In this series of posts we are taking the questions Brian McLaren addresses in “A New Kind of Christianity” one by one. The method will be to ask the question, look at how McLaren believes Western Christianity answers the question, how McLaren answers the question himself and lastly how I would answer the question. In this post, we will address the 2nd question McLaren mentions in the book.
The Question: How should the Bible be understood? McLaren calls this the “authority question”.
Western Christianity’s Answer: McLaren thinks Western Christians read the Bible primarily as a constitution. During a sermon or debate, a Western Christian tends to sound very much like a lawyer does in a courtroom. A lawyer cites prior case-law, precedents, etc that may be found in court transcripts in order to prove his or her case. Similarly, when in the midst of a discussion, Western Christians cite book, chapter and verse of the bible in order to prove whatever point they are trying to make.
Brian McLaren’s Answer: McLaren proposes that “we read the Bible as an inspired library”. He goes on to say that we need to pay attention to the context and genre of what is being written. We should not read poems, parables, letters, proverbs, histories and prophecies the same way. Each genre requires a different type of reading. McLaren uses Job as a test case. Because of context, we can’t read each of the speeches in the book of Job as equally truthful. We can’t pull a verse out of one of Job’s friends’ speeches because within the context of the story, what they are saying is not true.

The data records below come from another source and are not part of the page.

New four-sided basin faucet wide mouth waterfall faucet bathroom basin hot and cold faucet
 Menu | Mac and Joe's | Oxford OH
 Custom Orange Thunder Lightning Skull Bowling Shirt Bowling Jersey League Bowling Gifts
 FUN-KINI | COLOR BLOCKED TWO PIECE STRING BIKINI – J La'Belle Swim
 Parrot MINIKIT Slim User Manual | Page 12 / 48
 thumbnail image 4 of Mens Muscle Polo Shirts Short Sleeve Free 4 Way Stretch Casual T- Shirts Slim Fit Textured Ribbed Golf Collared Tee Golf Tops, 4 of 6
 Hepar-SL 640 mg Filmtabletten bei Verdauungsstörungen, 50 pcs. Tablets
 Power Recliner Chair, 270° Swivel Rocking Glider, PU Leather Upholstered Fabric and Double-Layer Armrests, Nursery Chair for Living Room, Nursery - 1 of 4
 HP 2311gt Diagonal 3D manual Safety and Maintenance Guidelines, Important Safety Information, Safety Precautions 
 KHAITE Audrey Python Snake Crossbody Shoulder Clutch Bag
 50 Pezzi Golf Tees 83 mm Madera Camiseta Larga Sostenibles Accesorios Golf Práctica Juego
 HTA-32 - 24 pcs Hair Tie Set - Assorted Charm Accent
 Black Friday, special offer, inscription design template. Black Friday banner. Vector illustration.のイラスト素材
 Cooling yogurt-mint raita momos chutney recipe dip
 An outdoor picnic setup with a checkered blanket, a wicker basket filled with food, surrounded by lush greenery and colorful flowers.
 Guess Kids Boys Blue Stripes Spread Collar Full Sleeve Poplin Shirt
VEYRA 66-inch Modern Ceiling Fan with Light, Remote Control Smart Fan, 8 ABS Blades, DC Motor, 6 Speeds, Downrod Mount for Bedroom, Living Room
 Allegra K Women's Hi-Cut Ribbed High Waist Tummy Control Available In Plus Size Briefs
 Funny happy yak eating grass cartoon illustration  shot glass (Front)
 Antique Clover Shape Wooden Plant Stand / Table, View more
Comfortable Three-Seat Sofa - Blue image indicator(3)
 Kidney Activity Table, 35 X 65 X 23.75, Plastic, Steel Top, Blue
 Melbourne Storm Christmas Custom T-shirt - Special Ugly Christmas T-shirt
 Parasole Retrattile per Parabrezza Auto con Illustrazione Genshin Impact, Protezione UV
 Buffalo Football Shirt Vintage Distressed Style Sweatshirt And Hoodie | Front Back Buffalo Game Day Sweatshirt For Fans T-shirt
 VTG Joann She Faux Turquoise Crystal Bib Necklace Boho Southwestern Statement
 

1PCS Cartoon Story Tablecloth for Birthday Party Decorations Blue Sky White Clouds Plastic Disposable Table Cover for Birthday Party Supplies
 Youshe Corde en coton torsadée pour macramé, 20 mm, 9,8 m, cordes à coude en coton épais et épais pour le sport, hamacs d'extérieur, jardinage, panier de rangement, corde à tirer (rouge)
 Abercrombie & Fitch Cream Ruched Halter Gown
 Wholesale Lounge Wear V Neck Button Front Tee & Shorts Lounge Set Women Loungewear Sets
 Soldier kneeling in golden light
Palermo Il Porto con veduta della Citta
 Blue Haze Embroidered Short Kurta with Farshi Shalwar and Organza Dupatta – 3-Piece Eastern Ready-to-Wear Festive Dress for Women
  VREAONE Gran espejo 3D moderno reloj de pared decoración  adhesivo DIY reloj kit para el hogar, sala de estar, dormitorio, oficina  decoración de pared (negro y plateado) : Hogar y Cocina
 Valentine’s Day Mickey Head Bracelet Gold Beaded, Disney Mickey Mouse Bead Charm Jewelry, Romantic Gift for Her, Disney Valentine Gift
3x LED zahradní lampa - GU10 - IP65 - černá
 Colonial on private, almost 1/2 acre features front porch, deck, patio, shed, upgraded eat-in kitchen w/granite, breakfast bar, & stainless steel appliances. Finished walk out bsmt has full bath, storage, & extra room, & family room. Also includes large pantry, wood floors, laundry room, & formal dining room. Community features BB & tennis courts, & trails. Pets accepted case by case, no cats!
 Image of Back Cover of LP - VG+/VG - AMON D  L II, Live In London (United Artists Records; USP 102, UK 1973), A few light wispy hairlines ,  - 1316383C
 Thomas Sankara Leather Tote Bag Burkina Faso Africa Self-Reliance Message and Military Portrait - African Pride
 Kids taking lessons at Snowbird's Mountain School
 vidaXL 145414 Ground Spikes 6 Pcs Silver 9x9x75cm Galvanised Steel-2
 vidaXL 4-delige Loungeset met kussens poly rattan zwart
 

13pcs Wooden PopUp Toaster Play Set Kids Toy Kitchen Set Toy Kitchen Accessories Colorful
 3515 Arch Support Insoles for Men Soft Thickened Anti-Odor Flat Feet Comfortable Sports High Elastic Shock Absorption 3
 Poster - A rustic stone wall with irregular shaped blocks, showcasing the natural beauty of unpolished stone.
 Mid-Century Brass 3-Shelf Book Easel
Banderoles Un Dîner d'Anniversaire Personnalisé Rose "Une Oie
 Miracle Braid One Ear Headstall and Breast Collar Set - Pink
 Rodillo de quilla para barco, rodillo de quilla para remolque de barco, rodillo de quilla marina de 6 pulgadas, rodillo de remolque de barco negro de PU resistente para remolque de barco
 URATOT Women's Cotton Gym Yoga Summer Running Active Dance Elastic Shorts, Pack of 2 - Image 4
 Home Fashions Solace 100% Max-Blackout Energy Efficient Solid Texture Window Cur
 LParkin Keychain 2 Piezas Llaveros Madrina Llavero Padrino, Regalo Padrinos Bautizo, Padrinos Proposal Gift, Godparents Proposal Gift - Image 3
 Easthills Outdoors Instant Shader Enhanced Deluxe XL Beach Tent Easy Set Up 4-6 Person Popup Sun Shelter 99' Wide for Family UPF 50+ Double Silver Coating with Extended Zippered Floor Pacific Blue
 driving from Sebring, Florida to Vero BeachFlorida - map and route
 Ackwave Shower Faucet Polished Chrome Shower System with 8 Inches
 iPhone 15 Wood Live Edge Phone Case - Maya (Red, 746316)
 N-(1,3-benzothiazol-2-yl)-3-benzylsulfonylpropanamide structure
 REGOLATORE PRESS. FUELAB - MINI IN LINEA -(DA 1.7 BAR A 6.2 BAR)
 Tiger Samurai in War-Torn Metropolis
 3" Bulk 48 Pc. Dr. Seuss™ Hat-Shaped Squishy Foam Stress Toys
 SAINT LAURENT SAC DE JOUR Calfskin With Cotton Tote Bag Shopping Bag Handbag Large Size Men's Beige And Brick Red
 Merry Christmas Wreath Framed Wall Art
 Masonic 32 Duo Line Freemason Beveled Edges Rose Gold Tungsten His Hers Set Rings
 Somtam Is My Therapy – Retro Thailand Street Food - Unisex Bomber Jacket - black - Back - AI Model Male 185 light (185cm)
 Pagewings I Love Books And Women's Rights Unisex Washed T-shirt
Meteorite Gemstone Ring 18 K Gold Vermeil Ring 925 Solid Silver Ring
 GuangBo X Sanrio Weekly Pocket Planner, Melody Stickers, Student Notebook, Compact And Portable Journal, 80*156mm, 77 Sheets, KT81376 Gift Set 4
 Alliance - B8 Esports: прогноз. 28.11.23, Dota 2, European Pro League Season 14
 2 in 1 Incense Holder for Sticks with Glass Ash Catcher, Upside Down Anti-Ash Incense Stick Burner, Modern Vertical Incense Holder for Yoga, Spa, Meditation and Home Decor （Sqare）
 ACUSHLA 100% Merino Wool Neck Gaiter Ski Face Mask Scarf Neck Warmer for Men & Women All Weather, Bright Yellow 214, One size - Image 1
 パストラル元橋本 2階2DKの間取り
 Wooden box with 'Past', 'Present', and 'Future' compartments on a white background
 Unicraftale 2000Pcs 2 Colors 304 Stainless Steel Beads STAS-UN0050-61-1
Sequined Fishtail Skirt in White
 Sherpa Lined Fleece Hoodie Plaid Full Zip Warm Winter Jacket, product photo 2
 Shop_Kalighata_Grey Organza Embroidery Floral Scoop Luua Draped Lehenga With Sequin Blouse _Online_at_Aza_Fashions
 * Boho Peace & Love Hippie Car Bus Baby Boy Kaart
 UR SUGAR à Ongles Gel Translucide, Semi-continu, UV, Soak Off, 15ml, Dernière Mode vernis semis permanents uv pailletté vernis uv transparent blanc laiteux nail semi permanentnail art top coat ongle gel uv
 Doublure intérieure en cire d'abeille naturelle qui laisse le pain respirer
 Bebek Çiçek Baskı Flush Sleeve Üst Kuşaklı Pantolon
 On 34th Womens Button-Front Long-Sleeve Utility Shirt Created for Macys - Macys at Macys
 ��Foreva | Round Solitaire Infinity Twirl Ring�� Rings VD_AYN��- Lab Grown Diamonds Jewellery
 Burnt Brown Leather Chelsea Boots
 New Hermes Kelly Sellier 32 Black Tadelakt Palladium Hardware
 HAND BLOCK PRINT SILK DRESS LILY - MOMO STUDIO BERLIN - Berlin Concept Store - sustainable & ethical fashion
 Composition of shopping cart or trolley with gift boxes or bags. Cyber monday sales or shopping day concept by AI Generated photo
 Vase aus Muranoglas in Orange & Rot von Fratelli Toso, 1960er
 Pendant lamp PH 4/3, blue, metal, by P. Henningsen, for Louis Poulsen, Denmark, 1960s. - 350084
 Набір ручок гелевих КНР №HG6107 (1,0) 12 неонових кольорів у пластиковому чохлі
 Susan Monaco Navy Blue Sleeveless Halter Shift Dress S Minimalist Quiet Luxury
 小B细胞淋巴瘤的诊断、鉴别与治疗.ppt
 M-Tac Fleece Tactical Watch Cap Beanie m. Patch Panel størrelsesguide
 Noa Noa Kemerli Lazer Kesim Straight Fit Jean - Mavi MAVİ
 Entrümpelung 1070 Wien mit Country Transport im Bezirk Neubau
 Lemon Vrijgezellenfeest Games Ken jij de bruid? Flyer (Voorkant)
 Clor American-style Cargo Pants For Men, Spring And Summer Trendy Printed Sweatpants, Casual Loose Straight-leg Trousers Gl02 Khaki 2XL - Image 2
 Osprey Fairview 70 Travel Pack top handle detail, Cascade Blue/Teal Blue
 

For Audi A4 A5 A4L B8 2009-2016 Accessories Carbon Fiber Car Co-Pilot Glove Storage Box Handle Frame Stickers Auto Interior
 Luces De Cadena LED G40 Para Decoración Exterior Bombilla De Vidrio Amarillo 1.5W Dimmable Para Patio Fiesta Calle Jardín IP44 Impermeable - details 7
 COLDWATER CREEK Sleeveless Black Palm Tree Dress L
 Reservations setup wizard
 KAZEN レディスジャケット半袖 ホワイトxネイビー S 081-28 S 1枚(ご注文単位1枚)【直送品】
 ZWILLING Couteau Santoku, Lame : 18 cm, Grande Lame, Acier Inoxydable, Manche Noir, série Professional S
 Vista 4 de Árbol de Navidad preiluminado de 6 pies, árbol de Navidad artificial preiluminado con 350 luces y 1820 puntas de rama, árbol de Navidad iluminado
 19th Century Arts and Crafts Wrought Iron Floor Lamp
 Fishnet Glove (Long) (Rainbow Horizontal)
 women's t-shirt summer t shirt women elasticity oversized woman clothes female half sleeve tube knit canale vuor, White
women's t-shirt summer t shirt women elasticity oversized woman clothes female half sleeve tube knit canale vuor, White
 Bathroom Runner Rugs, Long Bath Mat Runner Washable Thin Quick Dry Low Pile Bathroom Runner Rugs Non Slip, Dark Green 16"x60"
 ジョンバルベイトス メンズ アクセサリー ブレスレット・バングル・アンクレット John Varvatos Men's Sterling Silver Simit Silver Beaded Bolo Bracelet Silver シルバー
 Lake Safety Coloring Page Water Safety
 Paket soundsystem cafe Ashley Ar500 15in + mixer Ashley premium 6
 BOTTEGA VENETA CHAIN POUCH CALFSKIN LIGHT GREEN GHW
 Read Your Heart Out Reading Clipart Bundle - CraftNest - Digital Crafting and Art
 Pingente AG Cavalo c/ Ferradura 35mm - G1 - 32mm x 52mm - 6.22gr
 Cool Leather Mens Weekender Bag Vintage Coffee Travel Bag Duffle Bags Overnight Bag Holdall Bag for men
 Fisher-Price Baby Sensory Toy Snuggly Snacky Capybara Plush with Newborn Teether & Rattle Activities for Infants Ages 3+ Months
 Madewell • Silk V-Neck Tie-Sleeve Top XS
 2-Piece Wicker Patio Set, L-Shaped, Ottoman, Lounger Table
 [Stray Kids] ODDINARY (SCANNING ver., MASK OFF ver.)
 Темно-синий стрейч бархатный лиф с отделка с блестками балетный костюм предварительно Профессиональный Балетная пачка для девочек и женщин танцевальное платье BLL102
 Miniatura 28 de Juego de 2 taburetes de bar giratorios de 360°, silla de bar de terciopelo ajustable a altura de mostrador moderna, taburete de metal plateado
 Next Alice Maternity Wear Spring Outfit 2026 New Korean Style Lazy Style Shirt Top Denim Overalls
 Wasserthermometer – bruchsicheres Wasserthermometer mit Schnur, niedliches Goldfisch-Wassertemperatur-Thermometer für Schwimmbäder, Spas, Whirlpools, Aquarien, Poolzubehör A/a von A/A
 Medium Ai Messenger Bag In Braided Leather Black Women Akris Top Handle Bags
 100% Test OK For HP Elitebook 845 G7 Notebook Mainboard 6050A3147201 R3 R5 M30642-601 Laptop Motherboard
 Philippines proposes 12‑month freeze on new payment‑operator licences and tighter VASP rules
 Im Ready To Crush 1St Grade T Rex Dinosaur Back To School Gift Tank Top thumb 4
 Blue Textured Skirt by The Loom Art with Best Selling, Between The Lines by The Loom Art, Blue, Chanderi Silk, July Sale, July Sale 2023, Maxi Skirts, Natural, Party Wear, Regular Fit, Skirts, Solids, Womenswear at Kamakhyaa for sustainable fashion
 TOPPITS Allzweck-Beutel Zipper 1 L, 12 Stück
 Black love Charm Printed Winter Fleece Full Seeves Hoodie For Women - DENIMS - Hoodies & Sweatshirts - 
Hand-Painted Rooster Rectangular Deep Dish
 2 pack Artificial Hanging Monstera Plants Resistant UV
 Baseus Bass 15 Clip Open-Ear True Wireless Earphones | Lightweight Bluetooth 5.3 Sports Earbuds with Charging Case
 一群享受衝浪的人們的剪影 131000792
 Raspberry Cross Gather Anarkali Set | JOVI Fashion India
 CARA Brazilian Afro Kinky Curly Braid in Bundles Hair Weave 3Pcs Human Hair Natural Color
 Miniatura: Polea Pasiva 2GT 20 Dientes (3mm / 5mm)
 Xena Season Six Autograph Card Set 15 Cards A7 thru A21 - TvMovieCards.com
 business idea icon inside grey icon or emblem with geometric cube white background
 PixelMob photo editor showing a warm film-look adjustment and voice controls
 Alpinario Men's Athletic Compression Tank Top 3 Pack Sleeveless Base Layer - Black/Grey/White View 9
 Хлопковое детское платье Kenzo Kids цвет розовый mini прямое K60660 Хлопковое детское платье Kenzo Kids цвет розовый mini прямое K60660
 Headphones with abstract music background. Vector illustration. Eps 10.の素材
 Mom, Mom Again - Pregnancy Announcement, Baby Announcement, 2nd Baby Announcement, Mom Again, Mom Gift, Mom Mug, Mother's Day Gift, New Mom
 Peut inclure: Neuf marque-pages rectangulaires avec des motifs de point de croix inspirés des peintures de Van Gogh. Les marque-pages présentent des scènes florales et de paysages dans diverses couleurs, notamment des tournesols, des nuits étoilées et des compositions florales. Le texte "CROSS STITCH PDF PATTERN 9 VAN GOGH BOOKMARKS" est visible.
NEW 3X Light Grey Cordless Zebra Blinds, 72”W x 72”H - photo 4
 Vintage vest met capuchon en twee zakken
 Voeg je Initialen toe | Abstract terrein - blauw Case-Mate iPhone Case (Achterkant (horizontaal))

Chris’ Answer: This is the question that I agree with Brian McLaren the most on. While he does take it a bit far in some of his examples, I agree with the point he is trying to make. When we read a proverb, we have to remember that it is a proverb, not a promise. A promise from God will happen. Period. A proverb, however, is just a statement of how things generally work. It’s important to keep our genres clear if we are to interpret the Bible accurately.
Not only do we need to keep genres clear, we need to keep contexts clear. Because of this, we should not practice “verse snatching”–taking a single verse to mean something apart from its context. For instance, we often quote the verse from Matthew 18 that says “Where two or more are gathered…I am there among them” in relation to prayer. There’s only one problem–Matthew 18 is not talking about prayer. It is about conflict management among fellow Christians. The verse isn’t about prayer–it’s an assurance that in times of trial where it seems one Christian has let another down, God is there in the midst of the hard circumstances, helping to mend the situation. This verse is a pretty clear example of how “verse snatching” can rob us of the original meaning of the verse, even if the “added meaning” is true also.